Opinión

¿La vida o la economía, callejón sin salida?

Luis Carlos Irala

La cuarentena establecida por el Gobierno a fin de frenar la expansión del coronavirus en el país está tocando el bolsillo de mucha gente y hay sectores que ya están pidiendo el reinicio de algunas actividades productivas con el propósito de generar ingresos y así cumplir con los compromisos asumidos. De lo contrario, vaticinan una fuerte caída de la actividad económica para los próximos meses e incluso podría extenderse hasta finales del 2020.

Este fue al perecer la postura que llevaron al presidente Mario Abdo Benítez algunos ministros con el propósito de flexibilizar las restricciones previstas en la cuarentena.

Sin embargo, la ciudadanía y los principales referentes de opinión rápidamente dieron a conocer su rechazo a un eventual levantamiento de la cuarentena y el Gobierno tuvo que rever su postura inicial y mantener las medidas sanitarias preventivas.

La presión hacia el Gobierno para permitir una mayor actividad económica se origina en los gremios empresariales que, en cierta manera, marcan pautas en la conducción económica, pero también esta presión tiene su base en los pequeños actores de la economía, incluidos los sectores informales. Este último grupo fue el primero en sentir los efectos de la cuarentena, pues son los trabajadores que obtienen el dinero necesario para cubrir sus necesidades mediante las actividades diarias. Un día que no trabajan, puede significar una día sin comer, pues no disponen de ahorro alguno para hacer frente a este tipo de situaciones.

Algunos economistas ya advierten que las consecuencias de la pandemia del coronavirus, tanto a nivel local como a nivel mundial, son todavía impredecibles.

Lo más prudente es esperar a ver cómo se desarrolla la enfermedad a nivel local, que felizmente hasta ahora está bastante bien controlada y se están tomando todas las medidas para mantenerla bien acotada.

Por de pronto, la cuarentena total será hasta el domingo 12 de abril, día en que se celebra la Resurrección de Jesucristo. En el mejor de los casos, y que todos anhelamos, a partir del lunes de 13 de abril se podrá levantar paulatinamente la cuarentena y se reanudarán cuidadosamente las actividades económicas en algunos sectores.
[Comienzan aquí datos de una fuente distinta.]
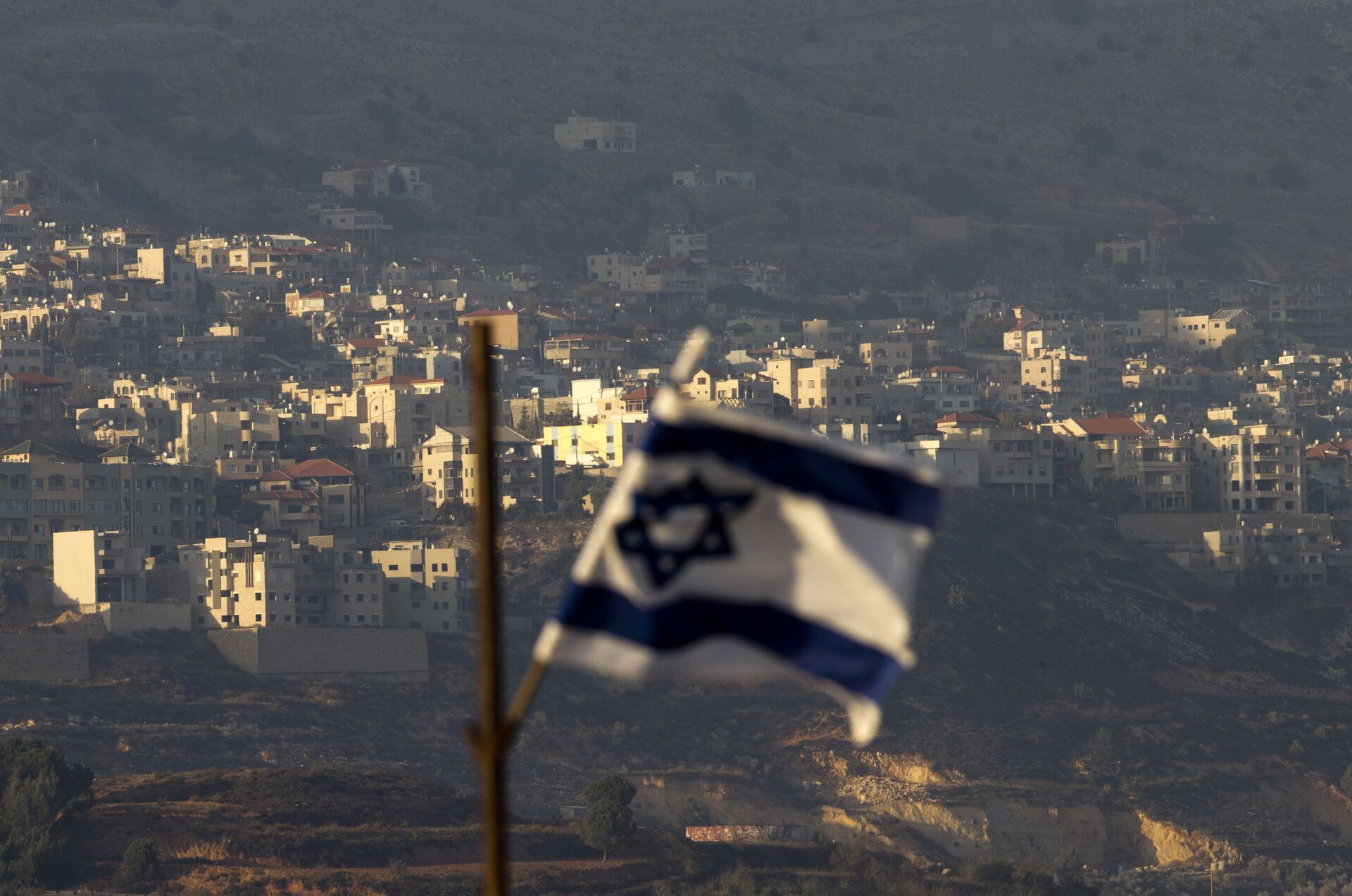 Oct. 11, 2018, an Israeli flag in front of the village of Majdal Shams in the Israeli-controlled Golan Heights. Syria slammed President Donald Trump's abrupt declaration that Washington will recognise Israel's sovereignty over the Israeli-occupied Golan Heights, saying Friday March 22, 2019, the statement was irresponsible and a threat to international peace and stability - Sputnik International, 1920, 11.10.2021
Comprendo la premura de los empresarios de reabrir sus negocios, pues los compromisos financieros son apremiantes, pero si se descuida la salud de los trabajadores, de la fuerza productiva, se pone en riego el capital humano de las empresas, capital que ya no se recupera. Sin embargo, los recursos dinerarios se pueden reponer y para ello el Gobierno está facilitando varias opciones y se espera que esta semana se anuncien nuevas medidas para evitar la asfixia financiera de las empresas.
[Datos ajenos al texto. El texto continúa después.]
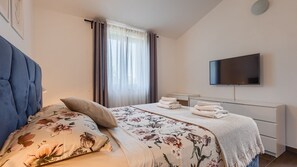 Un dormitorio con cama, televisión y ventana con cortinas.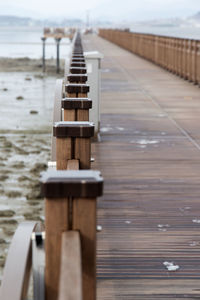 Close-up of wooden post on pier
Desde ningún punto de vista se puede exponer la vida de los trabajadores, sean formales o informarles, para salvar las finanzas de las empresas. Hay prioridades que se deben respetar, más aún en una situación muy especial que afecta a la economía mundial.

Lo que el Gobierno busca con las medidas impuestas en la cuarentena es precisamente evitar un desastre sanitario con costos irreparables en vidas humanas y en la economía.

Es cierto, parece que estamos atrapados en un callejón sin salida. Esto me recuerda la historia bíblica cuando el pueblo de Israel, camino a la tierra prometida, llega hasta el mar Rojo y no puede avanzar; atrás, ya estaba el ejercito del Faraón egipcio dispuesto a matarlos a todos. El pueblo entró en desesperación. No había forma de escapar del desastre. En eso surge la figura de un líder, Moisés, quien buscó en Dios una solución ante un problema sin precedentes que ellos no podían resolver por sí mismos.

Este es el momento en que el país necesita líderes con capacidad de ver soluciones más allá de los humanamente posible. Buscando una solución en Dios mismo, el dueño del oro y la plata. Con todo respeto, animo a los empresarios a que lideren esta búsqueda de solución respaldados por el Altísimo.